Open damian0815 opened 11 months ago
Hey, @damian0815. Thanks for the Сompel. It's a very useful library.
I noticed that now long prompts are handled differently than in AUTOMATIC111111's webUI. Like you said, they break tokens into chunks, disregarding the separating punctuation (",", ".", ":"). I've written a function that should bring the generation results closer to those obtained in the webUI from AUTOMATIC1111.
For starters:
import torch
from compel import Compel
from diffusers import StableDiffusionPipeline, DDIMScheduler
pipeline = StableDiffusionPipeline.from_single_file(
"https://huggingface.co/runwayml/stable-diffusion-v1-5/blob/main/v1-5-pruned-emaonly.safetensors",
torch_dtype=torch.float16,
)
pipeline.scheduler = DDIMScheduler.from_config(pipeline.scheduler.config)
pipeline.to("cuda")
compel = Compel(tokenizer=pipeline.tokenizer, text_encoder=pipeline.text_encoder)
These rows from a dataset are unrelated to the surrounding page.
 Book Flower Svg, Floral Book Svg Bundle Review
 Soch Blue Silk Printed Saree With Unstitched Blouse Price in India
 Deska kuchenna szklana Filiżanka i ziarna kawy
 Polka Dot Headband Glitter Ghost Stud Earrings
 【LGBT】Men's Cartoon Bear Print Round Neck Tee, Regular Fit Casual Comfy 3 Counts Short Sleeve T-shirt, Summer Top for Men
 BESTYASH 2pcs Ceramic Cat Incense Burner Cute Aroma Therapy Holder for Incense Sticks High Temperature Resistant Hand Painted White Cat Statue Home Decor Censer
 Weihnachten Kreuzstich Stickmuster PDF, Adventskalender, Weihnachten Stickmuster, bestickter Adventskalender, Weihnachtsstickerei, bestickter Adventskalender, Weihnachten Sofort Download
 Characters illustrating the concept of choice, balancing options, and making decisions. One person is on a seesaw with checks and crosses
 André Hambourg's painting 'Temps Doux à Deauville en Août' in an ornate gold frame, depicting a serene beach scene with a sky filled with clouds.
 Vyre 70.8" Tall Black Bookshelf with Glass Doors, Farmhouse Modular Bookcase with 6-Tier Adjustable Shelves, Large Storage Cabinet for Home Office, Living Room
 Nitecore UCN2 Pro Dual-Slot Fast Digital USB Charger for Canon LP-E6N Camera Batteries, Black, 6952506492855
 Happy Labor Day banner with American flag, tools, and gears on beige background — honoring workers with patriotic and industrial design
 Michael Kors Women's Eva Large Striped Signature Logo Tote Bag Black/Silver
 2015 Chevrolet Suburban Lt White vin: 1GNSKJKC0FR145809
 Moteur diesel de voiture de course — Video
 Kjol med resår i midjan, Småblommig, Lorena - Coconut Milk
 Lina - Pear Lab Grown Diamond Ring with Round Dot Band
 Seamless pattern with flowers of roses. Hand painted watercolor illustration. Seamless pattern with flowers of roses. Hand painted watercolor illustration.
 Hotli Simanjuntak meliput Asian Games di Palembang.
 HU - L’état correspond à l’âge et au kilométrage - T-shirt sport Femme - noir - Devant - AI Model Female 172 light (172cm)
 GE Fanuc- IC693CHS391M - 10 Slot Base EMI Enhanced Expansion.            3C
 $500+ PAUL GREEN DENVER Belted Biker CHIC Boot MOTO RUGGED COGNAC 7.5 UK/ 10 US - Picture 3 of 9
prompt = "A highly detailed matte painting of retro futurist mount fuji hosting the olympics, aerial photography, ultrawide lens, by dan mumford, yusuke murata, makoto shinkai, ross tran, cosmic, heavenly, god rays, intricate detail, cinematic, 8 k, cel shaded, unreal engine, featured on artstation, pixiv, hd sharp 3d model vray render in pixar squareenix game anime manga toriyama miyazaki style trending on pixiv skeb"
prompt_emb = compel.build_conditioning_tensor(prompt)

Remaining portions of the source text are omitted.